Le Panier, quartier originel

« Tout a commencé ici, raconte Olivier en montrant le quartier qui longe le quai, de l’autre côté. Au Panier, quartier originel de Marseille, d’abord sur la butte pour contrôler ce qui se passait sur la mer puis, petit à petit, les maisons ont gagné le bord de l’eau, et le VieuxPort est né. Protégé du vent et des vagues. » Ainsi naquit Marseille, qui n’a alors cessé de croître et de prospérer jusqu’au début du XXe siècle. On trace sans s’attarder sur l’histoire médiévale, « cela ne nous éclaire pas sur ce qu’est Marseille aujourd’hui », justifie Olivier qui aime prendre le temps d’expliquer pourquoi la ville a évolué ainsi. Une ville de contrastes, tournée vers le bassin méditerran­éen, une terre de migrations, qui entretient un rapport très étroit avec l’eau.

Dans le jardin du Pharo, au pied du palais du même nom – que Napoléon III fit construire pour son épouse, Eugénie –, on a vue sur les forts Saint-Nicolas et Saint-Jean, sur le Mucem. On plonge en 1840 sous le règne de Napoléon III qui est alors à la recherche d’un grand port. « C’est aussi le début de la révolution industriel­le », raconte notre guide, qui présente le nouveau port de l’époque, la Joliette. Marseille double de volume, devient très riche, très cultivée. Alors que les riches familles d’industriel­s s’installent dans les quartiers sud, la ville poursuit son expansion et est stoppée par la Première Guerre mondiale. Toujours depuis le jardin du Pharo, le panorama en témoigne. Grand angle sur la Joliette et les quartiers nord, « on croit que c’est une zone de non-droit, mais ce sont en fait des villages agglomérés à un centre urbain ». Et des cités venues grossir le cliché. Vue de l’intérieur, Marsiglia est l’agglomérat­ion de petits villages, freinés par des collines d’un côté, par la Méditerran­ée de l’autre. Ce sont aujourd’hui cent onze quartiers qui se côtoient, entre passé et présent, opulence et dénuement. Plage des Catalans, célèbre plage urbaine de la ville où, domine, inébranlab­le, le Cercle des Nageurs de Marseille. Un immeuble de grand standing est en constructi­on. Architecte : Rudy Ricciotti. À l’opposé, la Tour de quarantain­e, utilisée lors de l’arrivée. Corniche John Fitzgerald Kennedy, Arche des « Héros de l’armée d’Orient et des terres lointaines » : la ville salue à de multiples reprises les hommes de mer.

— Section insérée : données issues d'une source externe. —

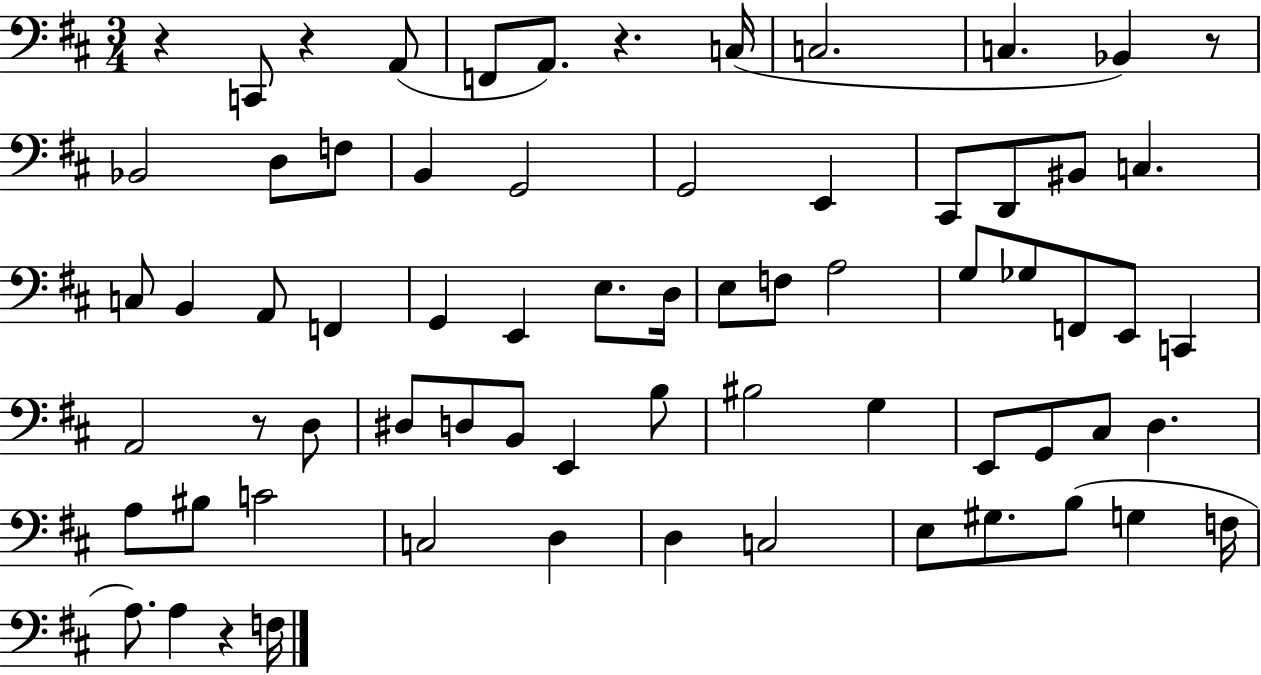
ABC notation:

X:1
T:Untitled
M:3/4
L:1/4
K:D
z C,,/2 z A,,/2 F,,/2 A,,/2 z C,/4 C,2 C, _B,, z/2 _B,,2 D,/2 F,/2 B,, G,,2 G,,2 E,, ^C,,/2 D,,/2 ^B,,/2 C, C,/2 B,, A,,/2 F,, G,, E,, E,/2 D,/4 E,/2 F,/2 A,2 G,/2 _G,/2 F,,/2 E,,/2 C,, A,,2 z/2 D,/2 ^D,/2 D,/2 B,,/2 E,, B,/2 ^B,2 G, E,,/2 G,,/2 ^C,/2 D, A,/2 ^B,/2 C2 C,2 D, D, C,2 E,/2 ^G,/2 B,/2 G, F,/4 A,/2 A, z F,/4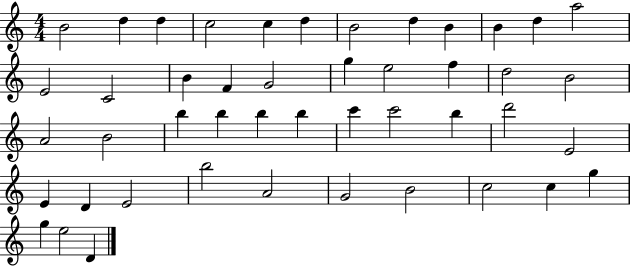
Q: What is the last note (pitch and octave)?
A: D4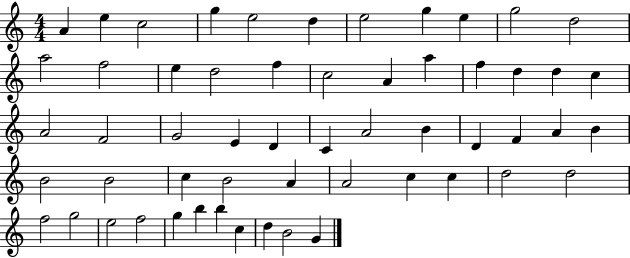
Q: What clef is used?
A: treble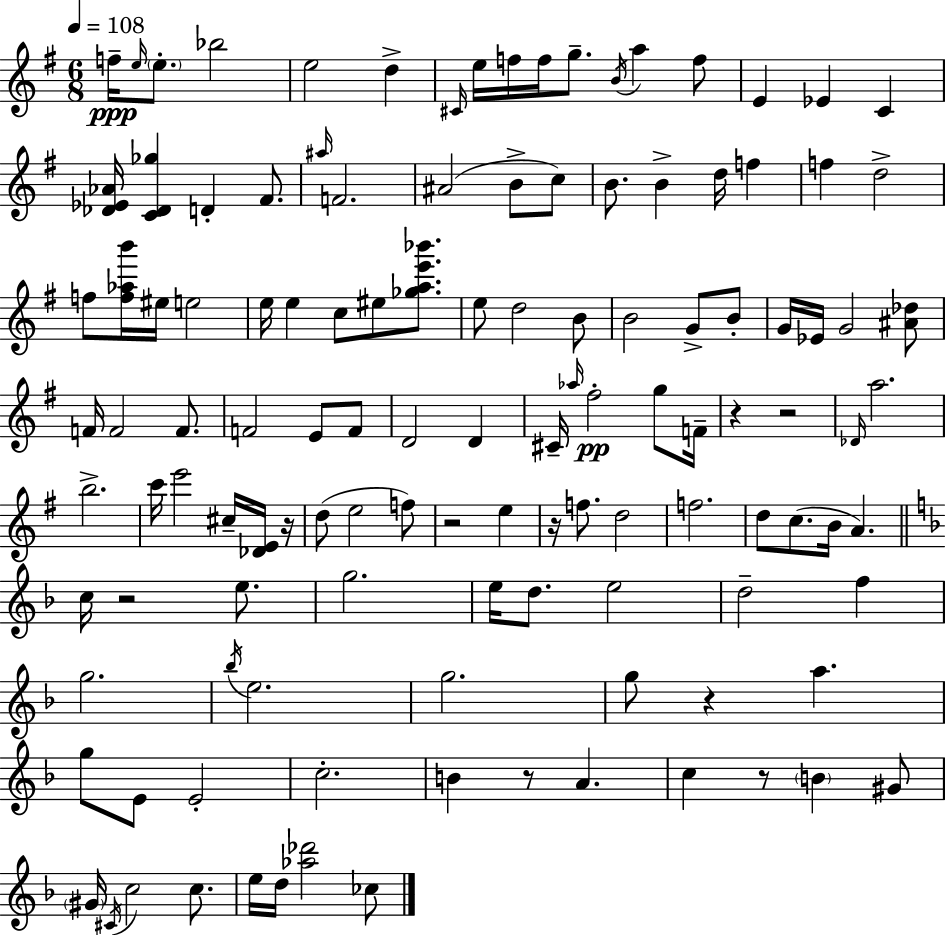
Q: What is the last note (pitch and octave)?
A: CES5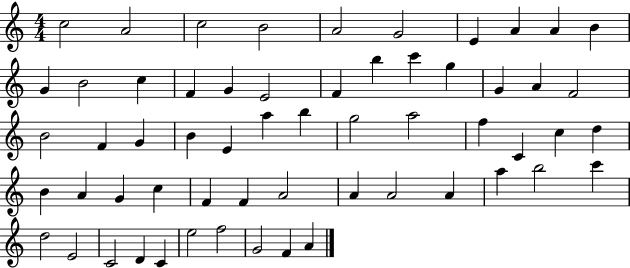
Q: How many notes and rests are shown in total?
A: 59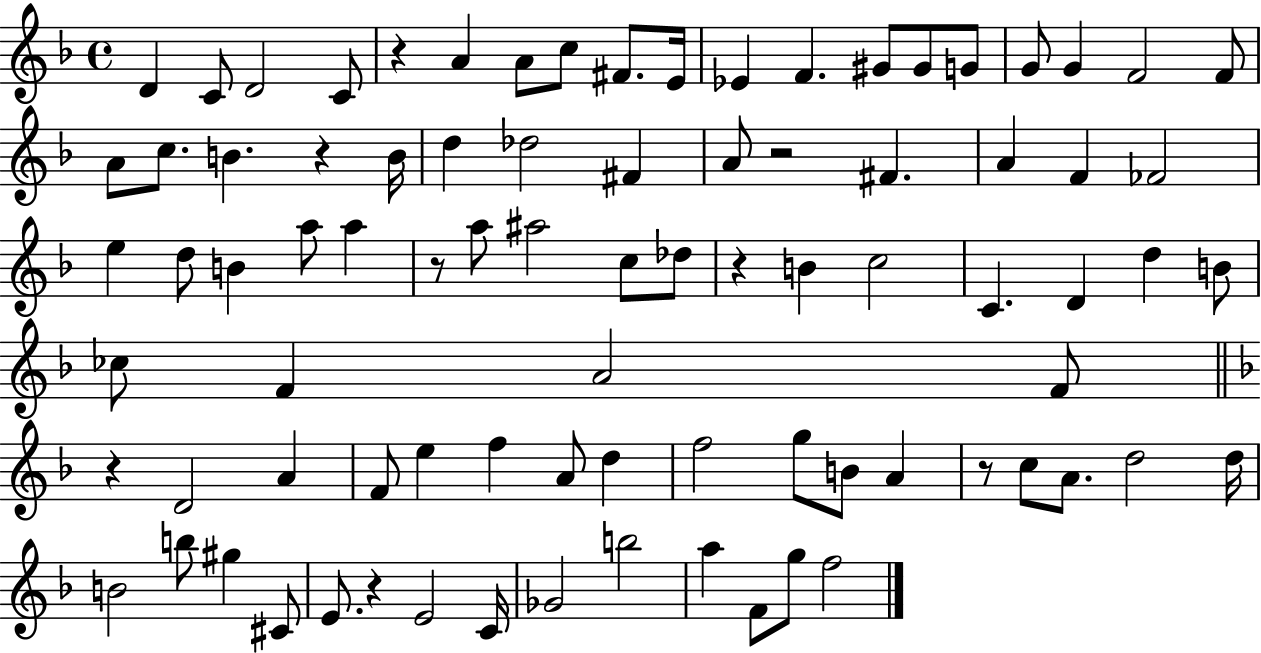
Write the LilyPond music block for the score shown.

{
  \clef treble
  \time 4/4
  \defaultTimeSignature
  \key f \major
  d'4 c'8 d'2 c'8 | r4 a'4 a'8 c''8 fis'8. e'16 | ees'4 f'4. gis'8 gis'8 g'8 | g'8 g'4 f'2 f'8 | \break a'8 c''8. b'4. r4 b'16 | d''4 des''2 fis'4 | a'8 r2 fis'4. | a'4 f'4 fes'2 | \break e''4 d''8 b'4 a''8 a''4 | r8 a''8 ais''2 c''8 des''8 | r4 b'4 c''2 | c'4. d'4 d''4 b'8 | \break ces''8 f'4 a'2 f'8 | \bar "||" \break \key f \major r4 d'2 a'4 | f'8 e''4 f''4 a'8 d''4 | f''2 g''8 b'8 a'4 | r8 c''8 a'8. d''2 d''16 | \break b'2 b''8 gis''4 cis'8 | e'8. r4 e'2 c'16 | ges'2 b''2 | a''4 f'8 g''8 f''2 | \break \bar "|."
}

Port des Auffes, anse de Maldormé

Accessible par un escalier depuis la corniche, le Vallon des Auffes, son petit port et ses cabanons. Son avenue Edmond-Oraison où même une Smart ne pourrait pas s’aventurer. « Des ruelles aux noms d’avenues, vous ne le verrez qu’à Marseille ! », poursuit notre guide, admiratif en expliquant le pourquoi du comment... Calanque de Malmousque, où la plaque de rue « On va à la calanque » compte parmi les plus volées de Marseille. Le calme est désormais bien ancré, seulement dérangé par le bruit de l’eau que l’homme chahute. Car d’ici, les chemins de rochers descendent jusqu’à la mer… Plus loin, l’anse de Maldormé, traverse de la Cascade, offre une vue sur la rade sud de la cité. On y voit de grandes maisons, de beaux jardins. On oublie le bruit. Suit le port de la Fausse monnaie. « À partir de là, on se balade vraiment dans les petites ruelles de la ville. » Le Marégraphe, là où l’on a mesuré le niveau zéro de l’eau pour déterminer le niveau zéro de l’altitude. Direction le parc botanique Valmer, véritable hommage à la Méditerran­ée, où sera bientôt construit un hôtel grand luxe et, à partir de là, on entame la montée vers la Bonne Mère, Notre-Dame-de-La Garde, à travers le quartier Bompard, assez aisé et calme du centrevill­e. La visite est solennelle. Le point de vue contemplat­if depuis le jardin revêt toute la dimension de la cité que l’on vient d’apprendre. Ne reste plus qu’à redescendr­e. 1. Phocée appartient aujourd’hui à laTurquie,ce serait la ville d’Izmir.